O protagonista do novo romance chama-se António Silva, um homem de 84 anos derrotado pela morte da mulher e que acredita tanto em Deus como no Peter Pan.
À partida, o leitor incauto poderá pensar que não lhe interessa a história de um velho triste, depositado pelos filhos no «lar da feliz idade» e que quer também ele desistir da vida por achar que ela não existe para além do amor. Mas depressa mudará de ideias: as peripécias do senhor Silva e dos companheiros também de apelido Silva que com ele contracenam ao longo das quase 300 páginas do livro (editado pela Objectiva, com a chancela Alfaguara, ISBN 9789896720162), são tão profundamente trágicas, expondo as suas fragilidades de velhos, como lúcidas e, a espaços, hilariantes mesmo.
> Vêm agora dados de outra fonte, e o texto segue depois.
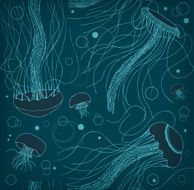 Seamless marine pattern with medusas Ocean background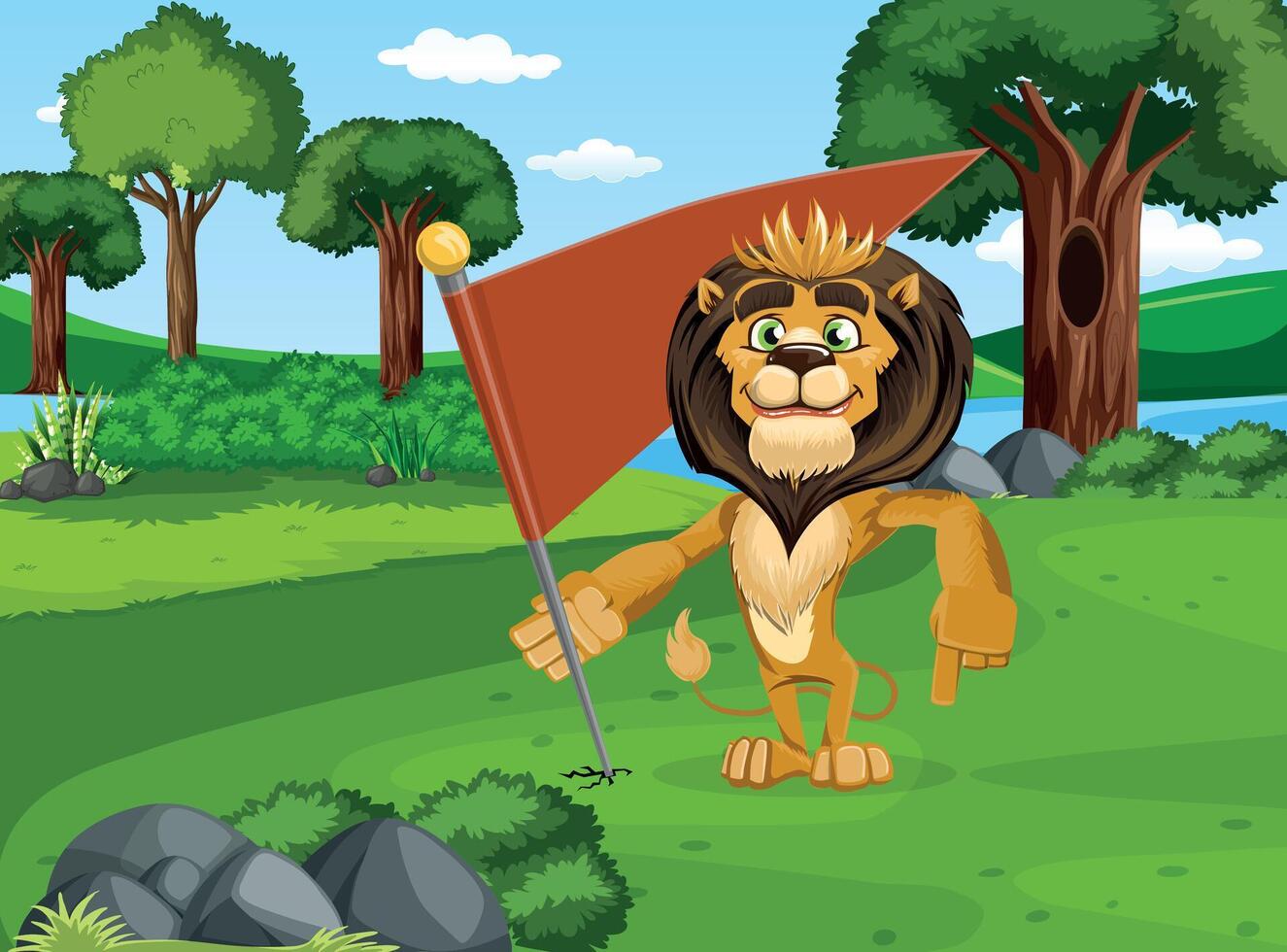 Jungle King Lion Cartoon Work vector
valter hugo mãe: «Eu usei a literatura para perceber o que é que faltou ao meu pai, no que respeita aos sentimentos ou à aventura da idade e, ao mesmo tempo, através desse exercício, para efabular acerca de alguma coisa que eu não tenho a garantia de poder vir a experimentar. E por isso, fica experimentada desta forma, não factualmente mas por intensificação dos sentimentos».
Assim foram surgindo, às vezes para surpresa do autor, os companheiros do senhor Silva nesta aventura da última fase da vida, uma data de Silvas, a começar pelo Silva da Europa – o tal que defende, num dos seus discursos incendiários, que Portugal é uma máquina de fazer espanhóis, porque todos os portugueses lamentaram já uma vez ou outra o facto de serem independentes e desejaram que Espanha os reconquistasse «desta vez para sempre e para salários melhores».
Mas temos ainda o senhor Pereira (que tem o Silva lá pelo meio do nome), o Anísio (da Silva) Franco – que é uma pessoa real e que, tal, como no livro, é o curador do Museu Nacional de Arte Antiga, só que «é bastante mais novo, tem quarenta e tal anos», explicou o escritor – e o Esteves que, além de se chamar também Silva, é o Esteves sem metafísica do poema Tabacaria de Fernando Pessoa, que valter hugo mãe achou «irresistível» incluir na história.
«É, são todos Silva. Eu não sou Silva, por acaso, mas somos todos um bocadinho Silva. Isso, depois, já é o delírio da ficção, que permite que generalizemos alguns tiques e que achei interessante. A generalização do nome alude à questão da igualdade e é um bocado uma provocação para que entendamos que, enquanto cidadãos, enquanto portugueses, nos devemos encarar assim, como iguais, e partir desse pressuposto para algo melhor, mas para algo melhor para todos».